◆ **What is expected**
Every entry is to be returned unchanged, and no picture is to be included.

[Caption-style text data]
»»

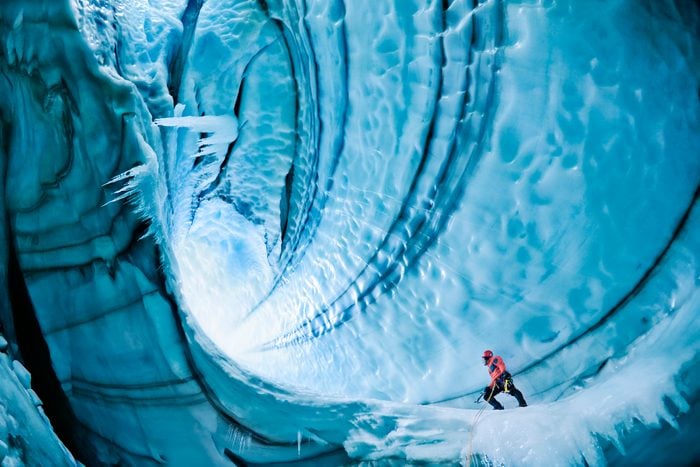 Male ice climber exploring ice cave, low angle view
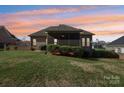 A beautiful screened porch and well-maintained lawn complete this backyard at 304 Wintergreen Ct, Kings Mountain, NC 28086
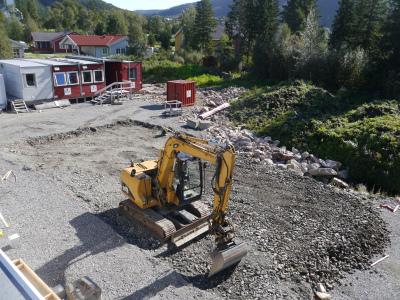 Gravemaskin klargjør byggetomt. Foto.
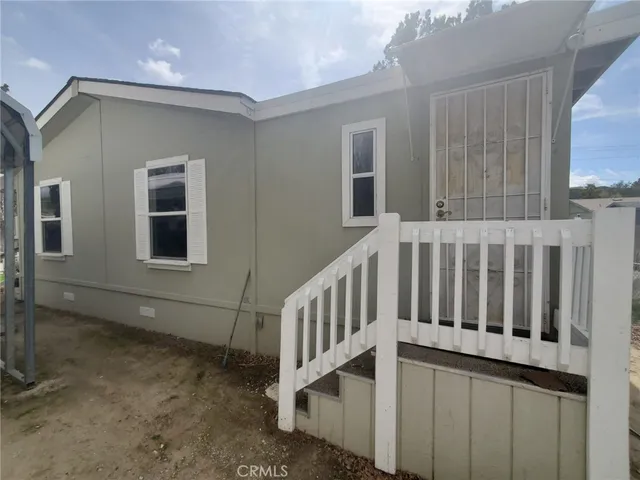 a view of entryway with a house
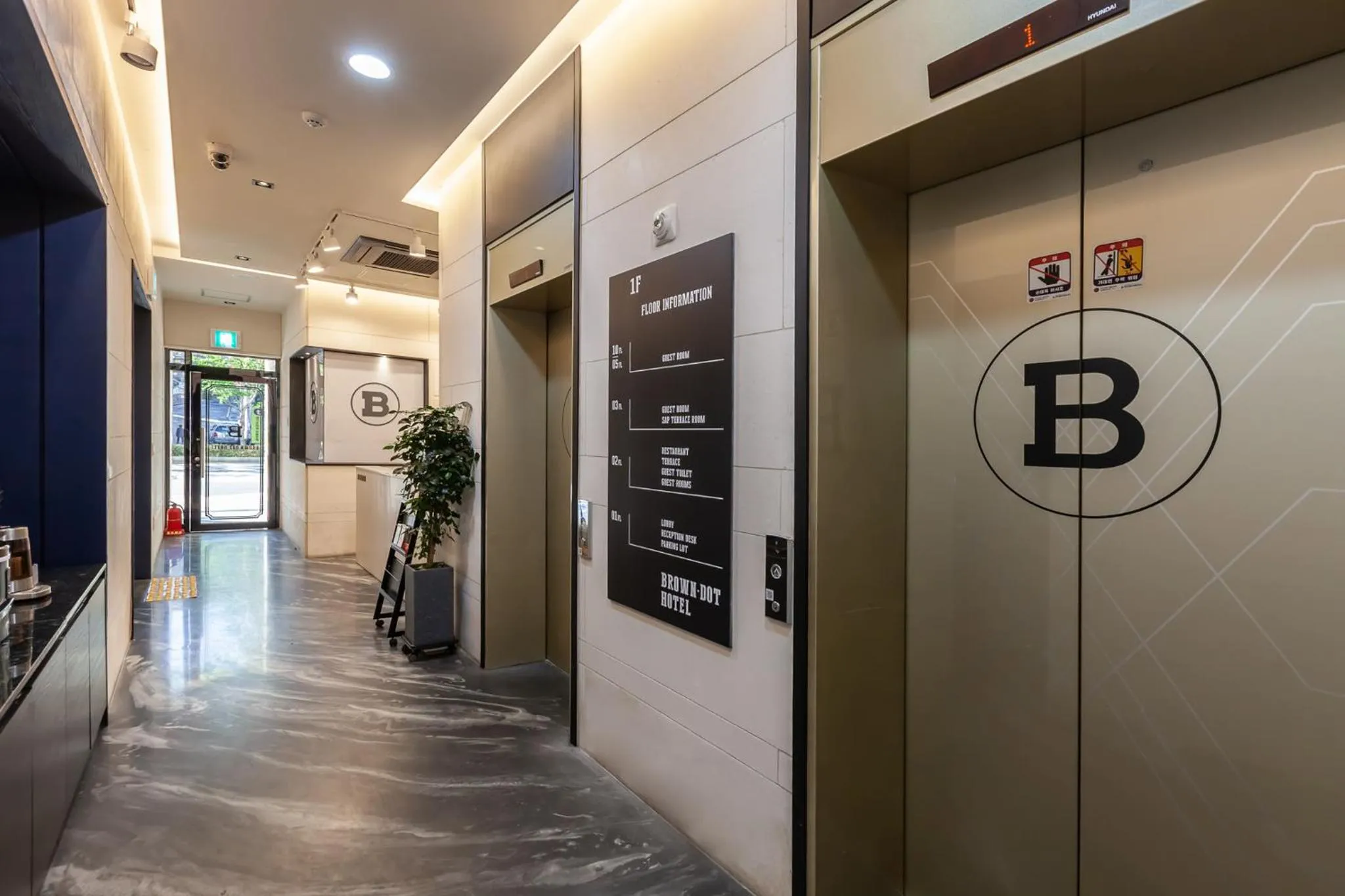 Property logo or sign in Beomil Brown Dot Hotel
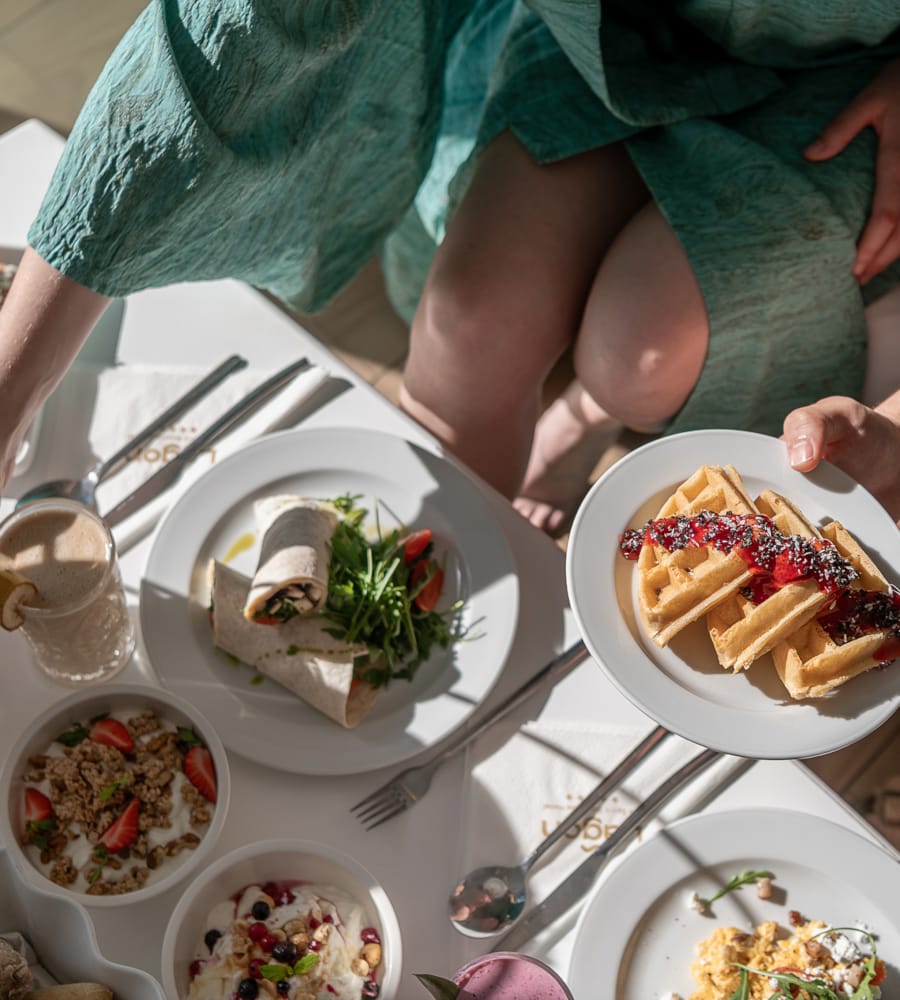 people sitting at a table with food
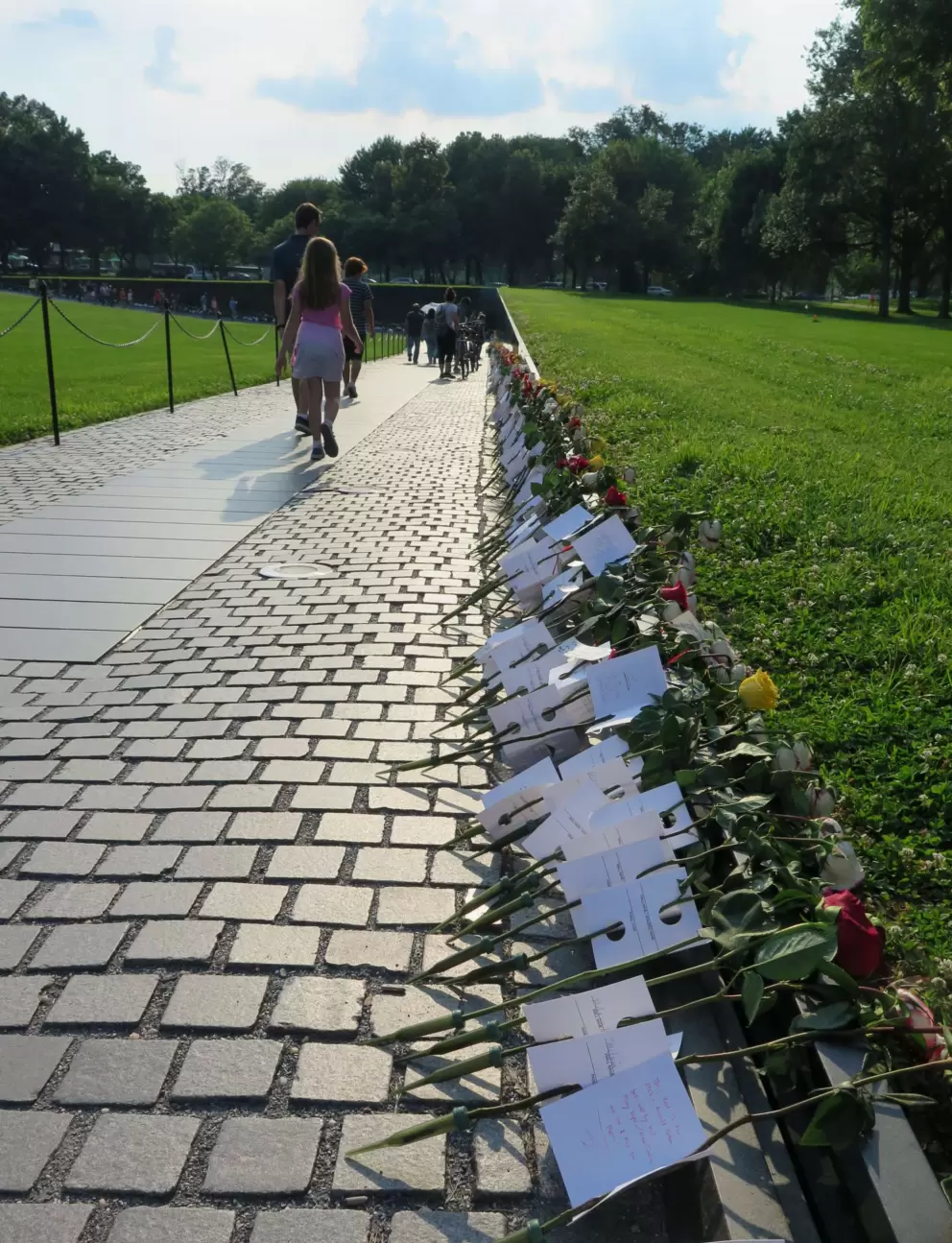 Roses left at the entrance to the wall.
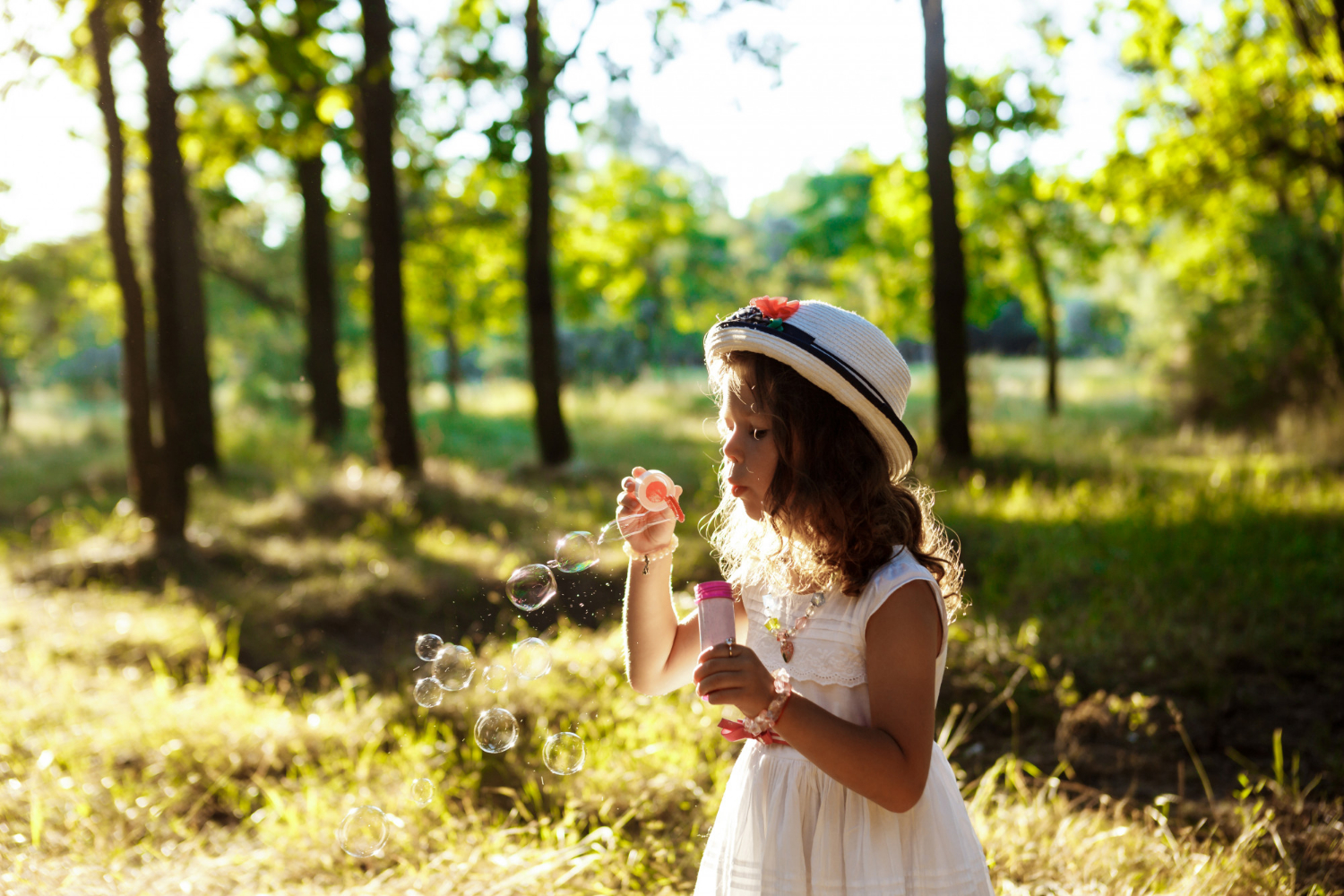 A little girl blowing soap bubbles | Source: Freepik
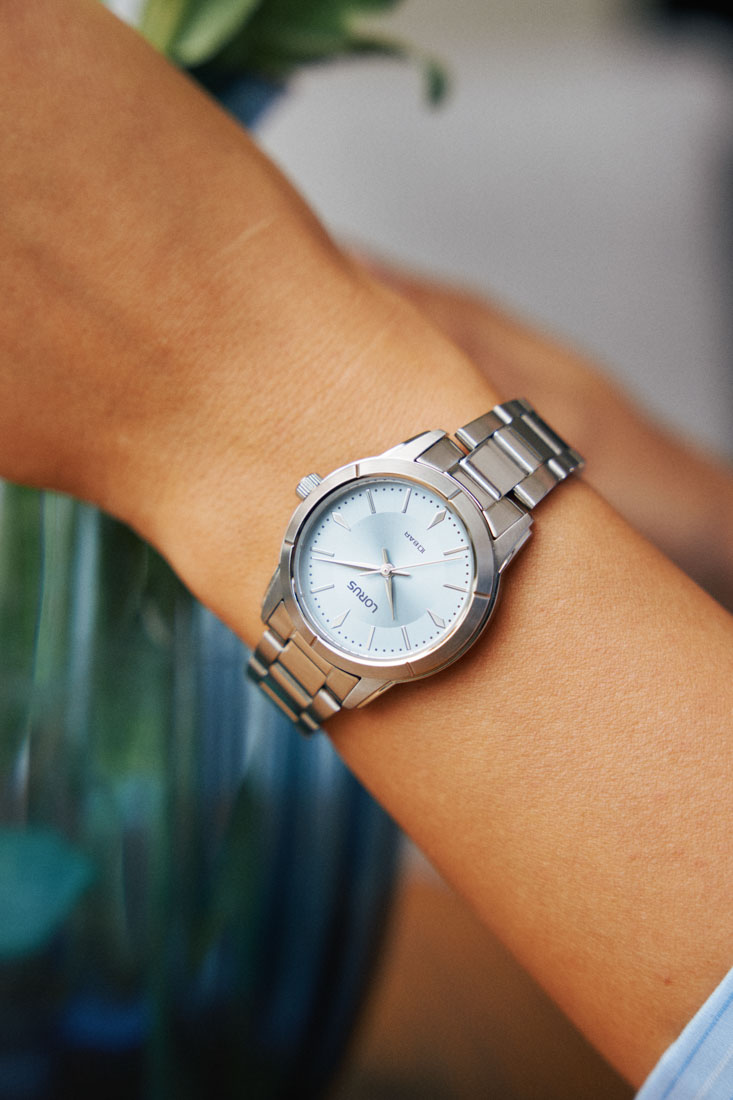 Macro product photography of Lorus wristwatches highlighting polished stainless steel textures and dial craftsmanship by ITR Visuals.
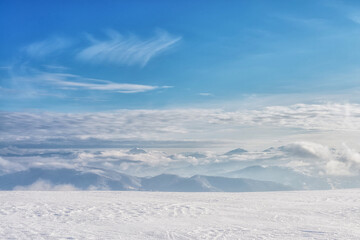 Clouds over a snow-covered mountain range. Winter mountain landscape.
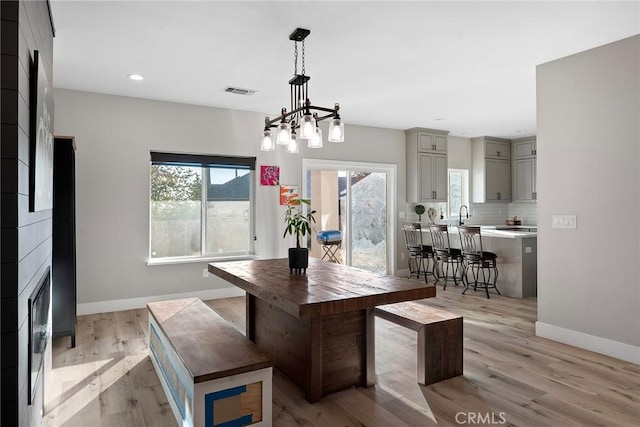 dining space featuring a fireplace, light wood finished floors, recessed lighting, visible vents, and baseboards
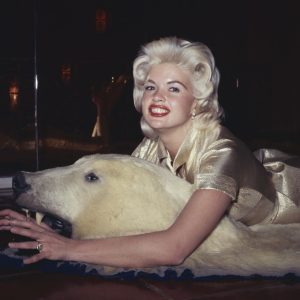 Jayne Mansfield in gold dress lying on bear skin rug 11x14 Photo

««

◆ **Response to the exercise**
 Male ice climber exploring ice cave, low angle view
 A beautiful screened porch and well-maintained lawn complete this backyard at 304 Wintergreen Ct, Kings Mountain, NC 28086
 Gravemaskin klargjør byggetomt. Foto.
 a view of entryway with a house
 Property logo or sign in Beomil Brown Dot Hotel
 people sitting at a table with food
 Roses left at the entrance to the wall.
 A little girl blowing soap bubbles | Source: Freepik
 Macro product photography of Lorus wristwatches highlighting polished stainless steel textures and dial craftsmanship by ITR Visuals.
 Clouds over a snow-covered mountain range. Winter mountain landscape.
 dining space featuring a fireplace, light wood finished floors, recessed lighting, visible vents, and baseboards
 Jayne Mansfield in gold dress lying on bear skin rug 11x14 Photo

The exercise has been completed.